When technology and beauty intersect, interesting things happen. In this case, a group of software engineers has developed a technology that, among other effects, reveals quite a lot about how our biology affects how we perceive what is beautiful. Daniel Cohen-Or of the Blavatnik School of Computer Sciences at Tel Aviv University headed up a team that created a “beauty machine” that can take anyone’s face and, by applying a set of mathematical principles, supposedly make it more beautiful. You can read the story here.
“Beauty can be quantified by mathematical measurements and ratios,” says Cohen-Or. “It can be defined as average distances between features, which a majority of people agree are the most beautiful,” he said. “I don’t claim to know much about beauty. For us, every picture in this research project is just a collection of numbers.”
Reductive? Maybe, but there’s some truth to that statement, and let’s address. First of all, it’s true that humans are hard-wired to be attracted to certain physical qualities that suggest physical health and therefore the ability to either bear or father children. That’s “innate beauty,” the appreciation of certain characteristics that is woven into our DNA.
This computer software draws on that tendency by applying mathematical modeling to automatically adjust the distances between features like the mouth and the chin or the eyes and the nose. The result is greater facial symmetry, something humans are proven to find beautiful. So in a purely biological sense, it’s hard to deny that the faces shown in this story are more beautiful. We love symmetry.
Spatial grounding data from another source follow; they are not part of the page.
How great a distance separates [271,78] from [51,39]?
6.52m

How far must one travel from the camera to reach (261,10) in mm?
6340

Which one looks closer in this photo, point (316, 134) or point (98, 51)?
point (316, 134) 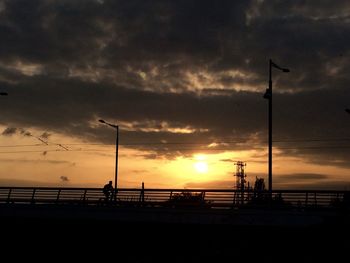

We think this kind of thing is really cool. Its developers say that it could be useful to plastic surgeons by showing them the ways they can make their patients as attractive as possible. Now, before you tell us that computer modeling of the perfect face has all sorts of unhealthy implications, we know. After all, the core of the technology is changing the distance between facial features, and as far as we know, there’s no surgical technique that will allow a surgeon to move your eyes farther apart or widen the lower half your face. It’s true that we don’t want to promote the idea that one needs a perfect face to be truly beautiful; that’s antithetical to who we are as doctors and as women. But at the same time, it’s a good thing to be more aware of why certain qualities strike us as beautiful.
Gravity and trauma decrease symmetry and make us less attractive. Perhaps this technology can be used to help women experiencing reduced facial symmetry (for whatever reason) to work with their plastic surgeons to identify small changes that would help them increase their self-perception of their own beauty—and as we know, feeling beautiful is the most important part of being beautiful to others. We might not even be talking about surgical interventions here; as we age symmetry is decreased due to the reduced elasticity of the skin, and non-invasive procedures such as Thermage can improve that symmetry by tightening the underlying skin structures. But making important changes all starts with knowledge, and if this amazing software provides that knowledge, bravo to the engineers.
The key is to do the best we can with what we have and not become preoccupied with a “perfect” face that doesn’t exist and can’t exist. In the end, it doesn’t matter as much as we think: we (and you) know many women who are far from the beauty ideal who have paired off with partners who adore them for their total beauty—not just their face and body, but their kindness, intellect, wit, passion, sexiness, creativity, the whole package. Here’s hoping that this technology finds its rightful place in the beauty firmament: helping surgeons reconstruct severely damaged faces, guiding women toward small improvements that will enhance their lives, and teaching computer modeling to design, animation and special effects professionals, while letting the rest of us glory in our marvelous imperfection.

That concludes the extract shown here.